Robert F. Almgren is an applied mathematician, academic, and businessman focused on market microstructure and order execution. He is the son of Princeton mathematician Frederick J. Almgren, Jr. With Neil Chriss, he wrote the seminal paper "Optimal execution of portfolio transactions,"[1] which Institutional Investor[2] said "helped lay the groundwork for arrival-price algorithms being developed on Wall Street." In 2008 with Christian Hauff, he cofounded Quantitative Brokers, a financial technology company providing agency algorithmic execution in futures and interest rate markets.

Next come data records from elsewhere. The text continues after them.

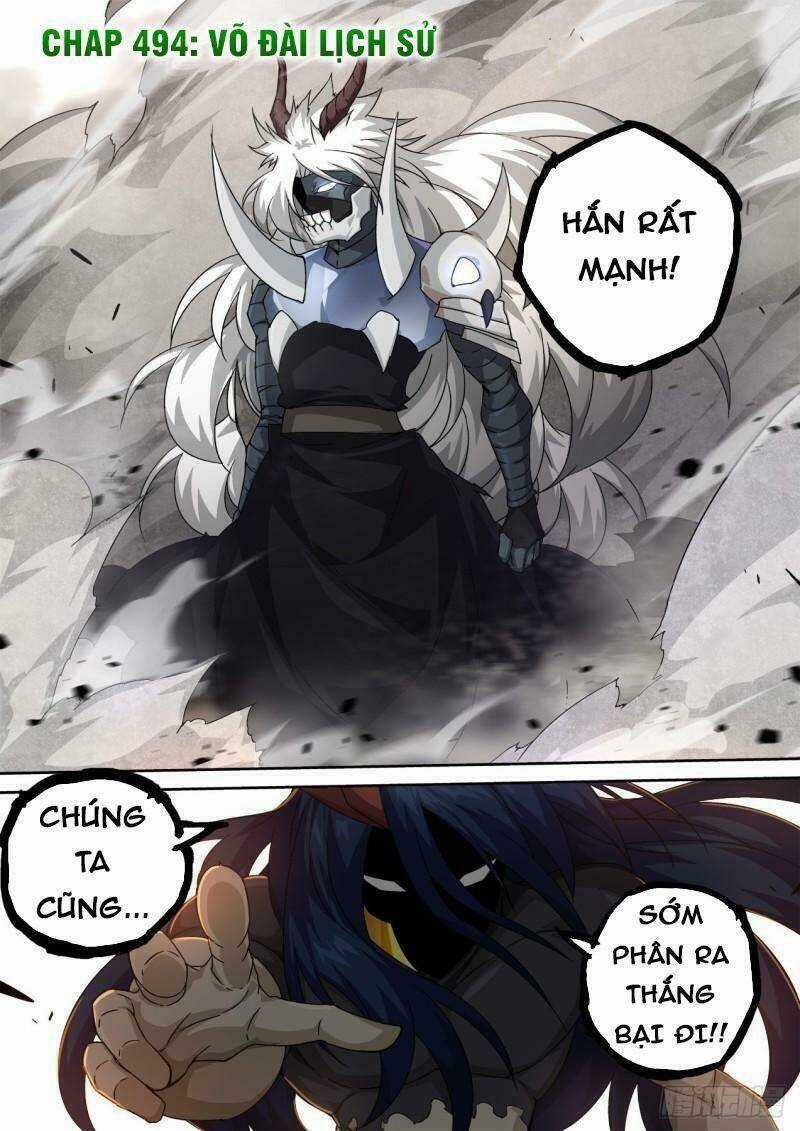 Quyền Bá Thiên Hạ - Chapter 493 - Trang 1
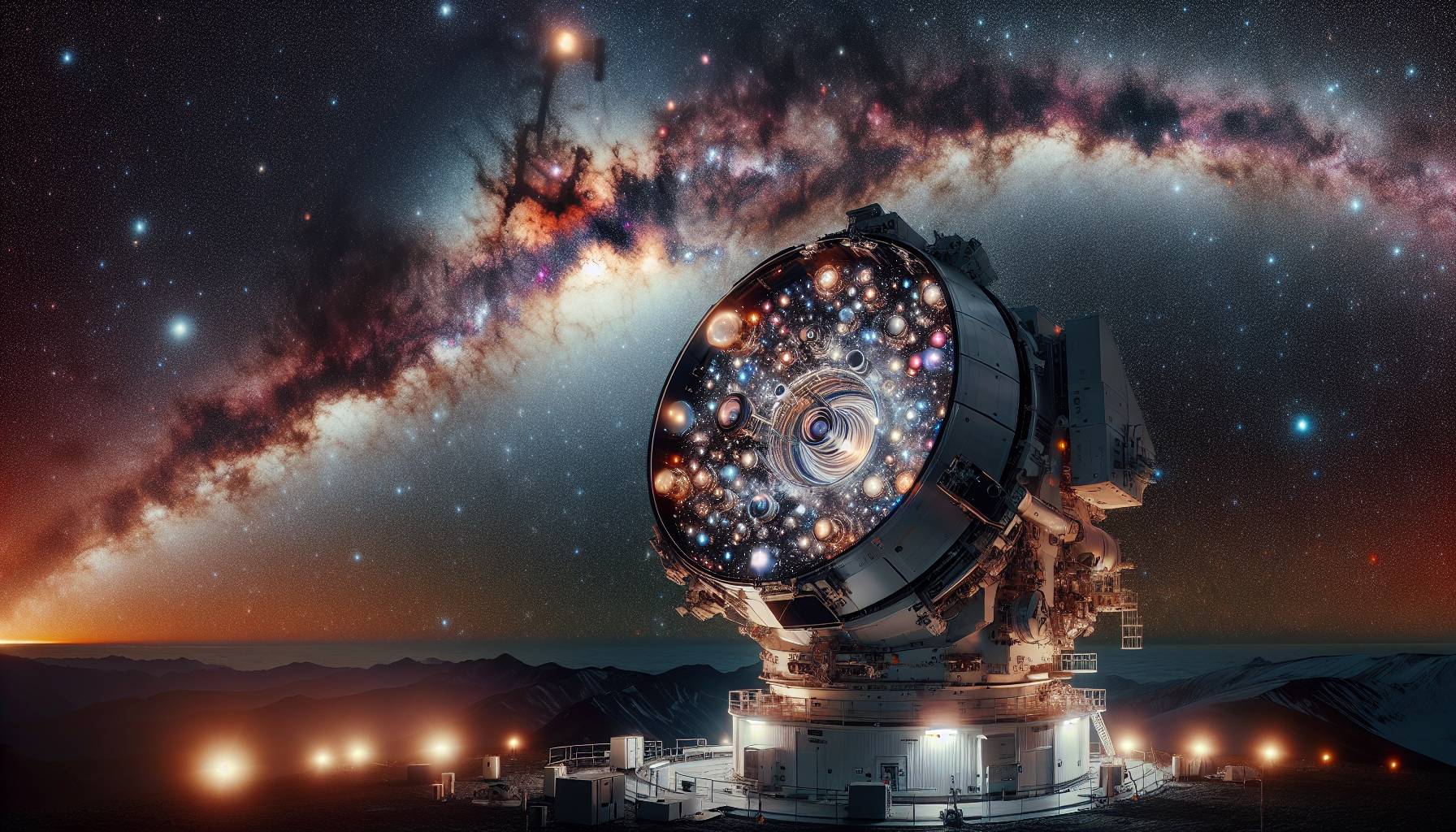 New Digital Camera Reveals Space Mysteries cover
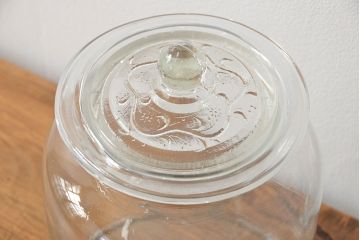 アンティーク雑貨　アンティーク 古いガラス瓶 3個セット(ビン、小物入れ)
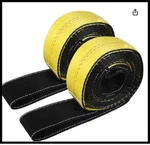 Jchl Sling Straps 10'X2 15,000 Pound Capacity 2-PACK Heavy Duty Lifting. Fixed Price $37.00.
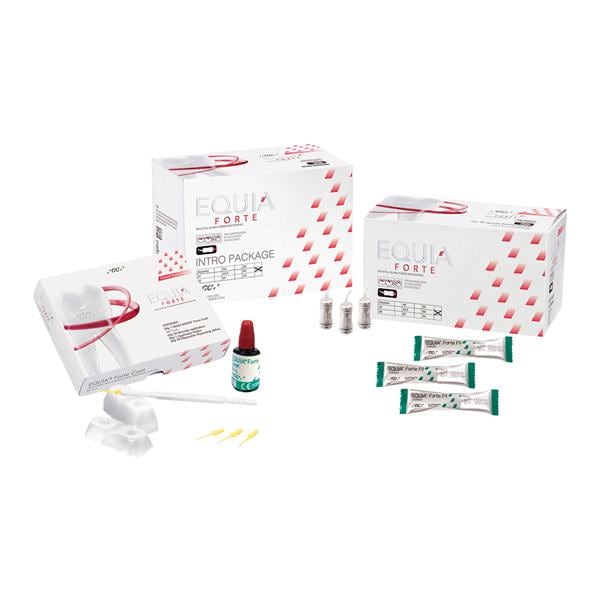 EQUIA Forte Glass Ionomer Capsule B3 Introductory Kit Ea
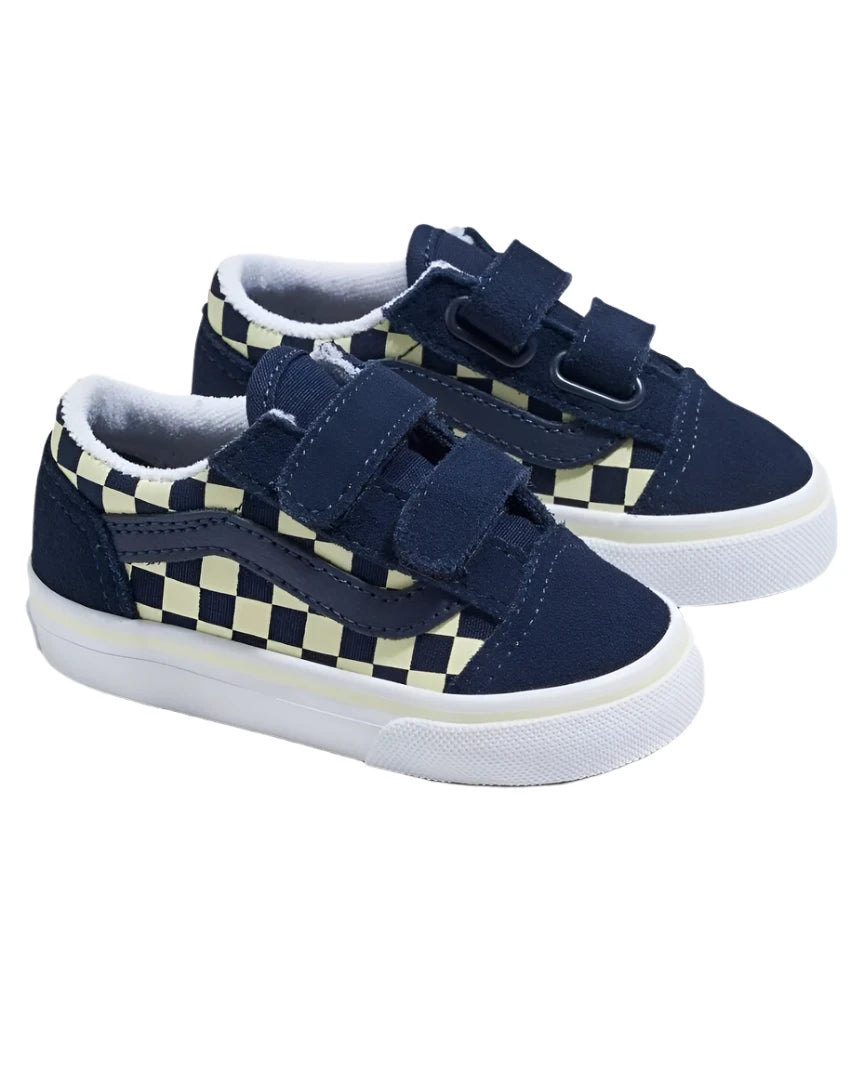 TODDLER - OLD SKOOL V GLOW SUMMER NIGHTS NAVY | Vans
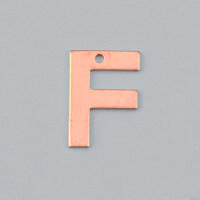 H&auml;nger, Buchstabe F 1-Loch
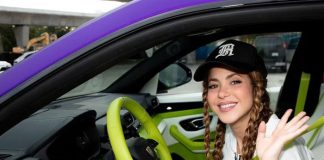 Foto: Shakira sorprende a sus fans /cortesía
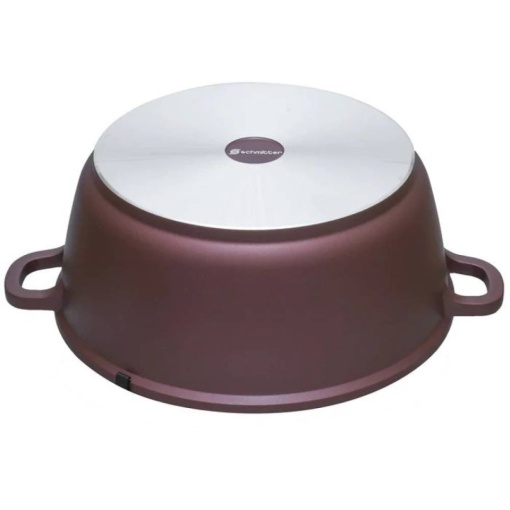 Oala ceramica cu capac, Schmitter, 20 cm, 2.5 l - Img 3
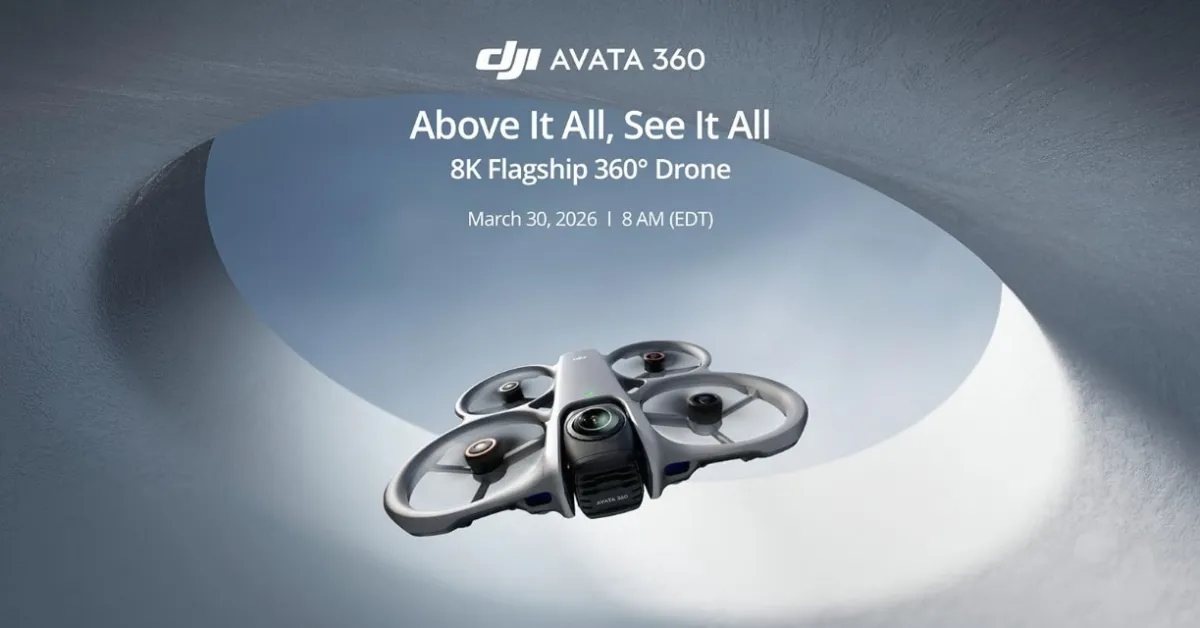 Lancement du drone DJI Avata 360 aux États-Unis reporté : les amateurs de drones attendent mars 2024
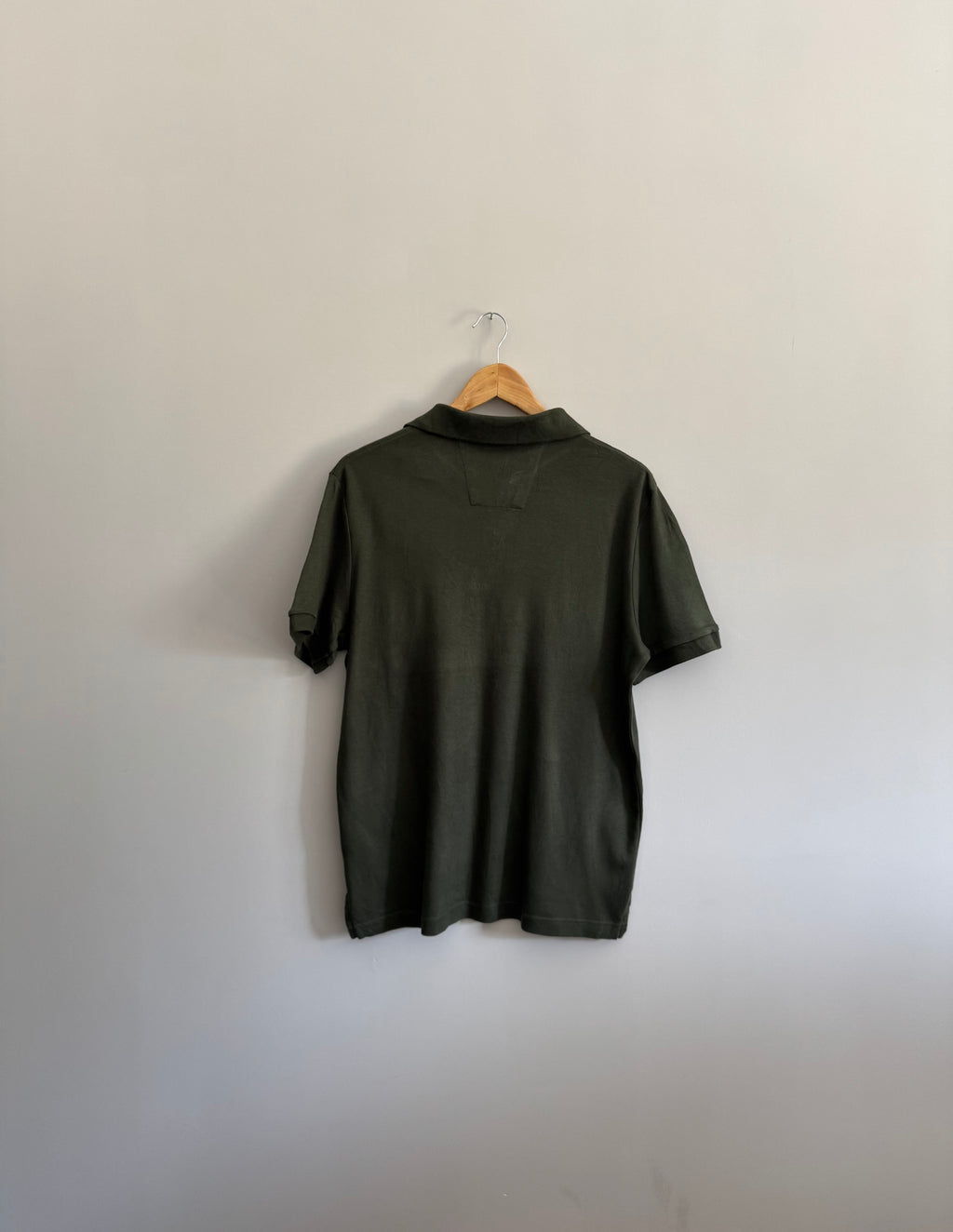 Nautica Slim Fit Polo Shirt - Olive - M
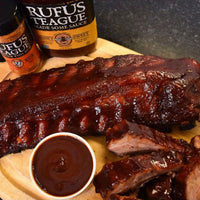 RUFUS TEAGUE Honey Sweet BBQ-Sauce 16. oz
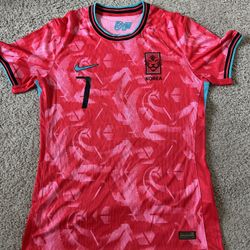 South Korea H M Son Jersey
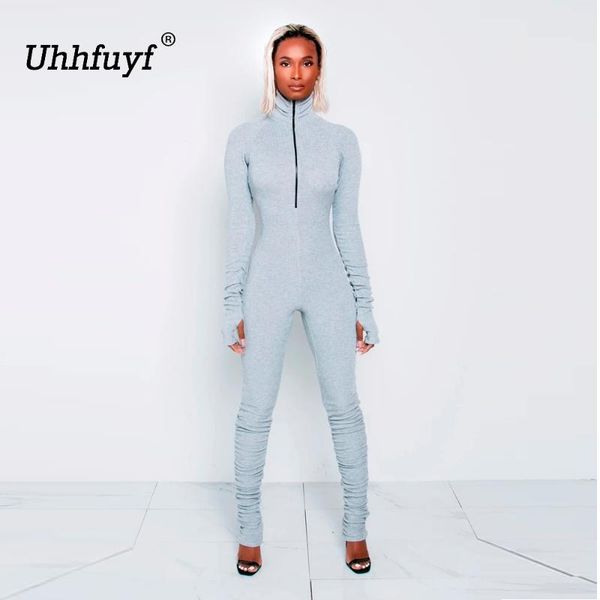 women's jumpsuits & rompers uhhfuyf 2021 arrival stretchy long sleeve zipper adjustable music festival jumpsuit high neck quality bodys, Black;white
women's jumpsuits & rompers uhhfuyf 2021 arrival stretchy long sleeve zipper adjustable music festival jumpsuit high neck quality bodys, Black;white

He is currently Chief Scientist at QB and a visiting professor in Operations Research and Financial Engineering at Princeton University.
Education
Robert Almgren completed a B.S. in physics and a B.S. in mathematics at the Massachusetts Institute of Technology, then an M.S. in Applied Mathematics at Harvard University. He received his Ph.D. in Applied and Computational Mathematics from Princeton University in 1989, with a dissertation under Andrew Majda on the resonant interaction of acoustic waves in gaseous combustion.
Early career
He was a Visiting Member at the Courant Institute of Mathematical Sciences at NYU, then took a postdoctoral position at the University of Paris 7 under Claude Bardos. From 1993 to 2000, he was an assistant professor in mathematics at the University of Chicago, where his research focused on free boundary problems in liquid droplets and crystal growth, and where he helped to found the Master of Science in Financial Mathematics program. From 2000 to 2005, he was an associate professor (tenured) at the University of Toronto, where he was director of the Masters in Mathematical Finance program. In 2005, he left academia to become Head of Quantitative Strategies and a managing director in the Electronic Trading Services group in Bank of America, where he developed the Instinct algorithm for adaptive trade execution in small-cap equities.
Significant research
His best-known paper is "Optimal execution of portfolio transactions"[1] in 2000 with Neil Chriss. This paper introduced a simple model for permanent and temporary market impact, and proposed that optimal trade execution trajectories are a balance between trading slowly to minimize market impact, and trading rapidly to reduce volatility risk relative to an arrival price or implementation shortfall benchmark. This work has been widely cited [3][4] and extended by Almgren and others.[5][6][7][8] In 2005, with a group of quants at Citigroup, he published an empirical model for equity market impact[9] which became a central ingredient in Citi's BECS portfolio management system.
References
- 1 2 R.Almgren and N.Chriss, "Optimal execution of portfolio transactions" J. Risk, 3 (Winter 2000/2001) pp.5–39
- ↑ "The orders of battle". Institutional Investor. Nov 12, 2004.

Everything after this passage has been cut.